### THE PROBLEM:
Each line of the data below either holds "Dress" or does not. Report how many do, and only that.

### DATA FOR THIS EXERCISE:

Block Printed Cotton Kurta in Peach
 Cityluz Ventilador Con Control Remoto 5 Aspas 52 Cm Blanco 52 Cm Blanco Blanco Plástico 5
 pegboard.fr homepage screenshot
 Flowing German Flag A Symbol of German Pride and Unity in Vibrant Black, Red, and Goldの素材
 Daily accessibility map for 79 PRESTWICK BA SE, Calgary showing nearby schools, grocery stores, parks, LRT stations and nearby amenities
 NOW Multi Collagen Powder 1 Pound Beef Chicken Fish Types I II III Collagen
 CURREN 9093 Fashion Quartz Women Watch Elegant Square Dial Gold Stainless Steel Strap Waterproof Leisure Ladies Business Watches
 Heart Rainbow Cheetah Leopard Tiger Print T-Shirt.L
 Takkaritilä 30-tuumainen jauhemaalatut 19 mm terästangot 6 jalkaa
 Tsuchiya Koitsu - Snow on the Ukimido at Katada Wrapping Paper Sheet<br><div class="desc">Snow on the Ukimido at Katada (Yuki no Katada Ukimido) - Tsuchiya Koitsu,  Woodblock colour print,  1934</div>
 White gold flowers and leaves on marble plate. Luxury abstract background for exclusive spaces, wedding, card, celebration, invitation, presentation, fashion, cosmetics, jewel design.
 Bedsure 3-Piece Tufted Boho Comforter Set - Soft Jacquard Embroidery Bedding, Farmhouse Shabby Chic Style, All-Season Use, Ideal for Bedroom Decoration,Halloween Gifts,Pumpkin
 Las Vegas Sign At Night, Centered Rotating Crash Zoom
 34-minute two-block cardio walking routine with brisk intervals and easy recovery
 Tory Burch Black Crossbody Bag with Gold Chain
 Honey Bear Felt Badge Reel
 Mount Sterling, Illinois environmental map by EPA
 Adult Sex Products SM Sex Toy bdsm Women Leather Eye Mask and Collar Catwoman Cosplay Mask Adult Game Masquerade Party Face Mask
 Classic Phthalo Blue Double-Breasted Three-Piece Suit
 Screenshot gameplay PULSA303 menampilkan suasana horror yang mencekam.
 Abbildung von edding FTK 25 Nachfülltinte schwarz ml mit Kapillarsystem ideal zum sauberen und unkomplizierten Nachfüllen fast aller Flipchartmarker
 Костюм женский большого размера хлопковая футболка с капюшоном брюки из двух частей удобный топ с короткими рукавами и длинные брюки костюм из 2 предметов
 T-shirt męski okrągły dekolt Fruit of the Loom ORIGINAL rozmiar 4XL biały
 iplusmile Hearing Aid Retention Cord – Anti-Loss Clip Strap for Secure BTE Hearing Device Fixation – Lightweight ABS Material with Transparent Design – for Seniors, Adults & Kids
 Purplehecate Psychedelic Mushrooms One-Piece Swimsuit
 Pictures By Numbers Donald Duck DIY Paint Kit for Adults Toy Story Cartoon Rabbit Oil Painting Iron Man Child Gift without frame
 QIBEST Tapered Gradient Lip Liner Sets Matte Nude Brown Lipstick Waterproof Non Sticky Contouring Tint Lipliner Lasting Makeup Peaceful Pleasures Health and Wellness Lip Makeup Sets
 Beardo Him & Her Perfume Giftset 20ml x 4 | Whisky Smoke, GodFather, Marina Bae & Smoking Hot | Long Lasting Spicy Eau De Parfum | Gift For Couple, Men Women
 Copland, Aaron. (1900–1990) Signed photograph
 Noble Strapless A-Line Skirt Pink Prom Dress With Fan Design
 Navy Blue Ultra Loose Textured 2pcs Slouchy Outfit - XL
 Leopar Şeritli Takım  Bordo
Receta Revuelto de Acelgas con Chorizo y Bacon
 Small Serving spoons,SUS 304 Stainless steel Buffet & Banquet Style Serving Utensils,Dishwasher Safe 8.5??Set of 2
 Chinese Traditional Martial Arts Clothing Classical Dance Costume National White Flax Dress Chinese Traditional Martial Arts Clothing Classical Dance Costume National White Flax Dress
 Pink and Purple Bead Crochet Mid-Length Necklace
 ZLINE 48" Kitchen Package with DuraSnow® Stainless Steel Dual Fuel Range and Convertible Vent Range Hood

### OUTPUT FOR THIS TASK:
2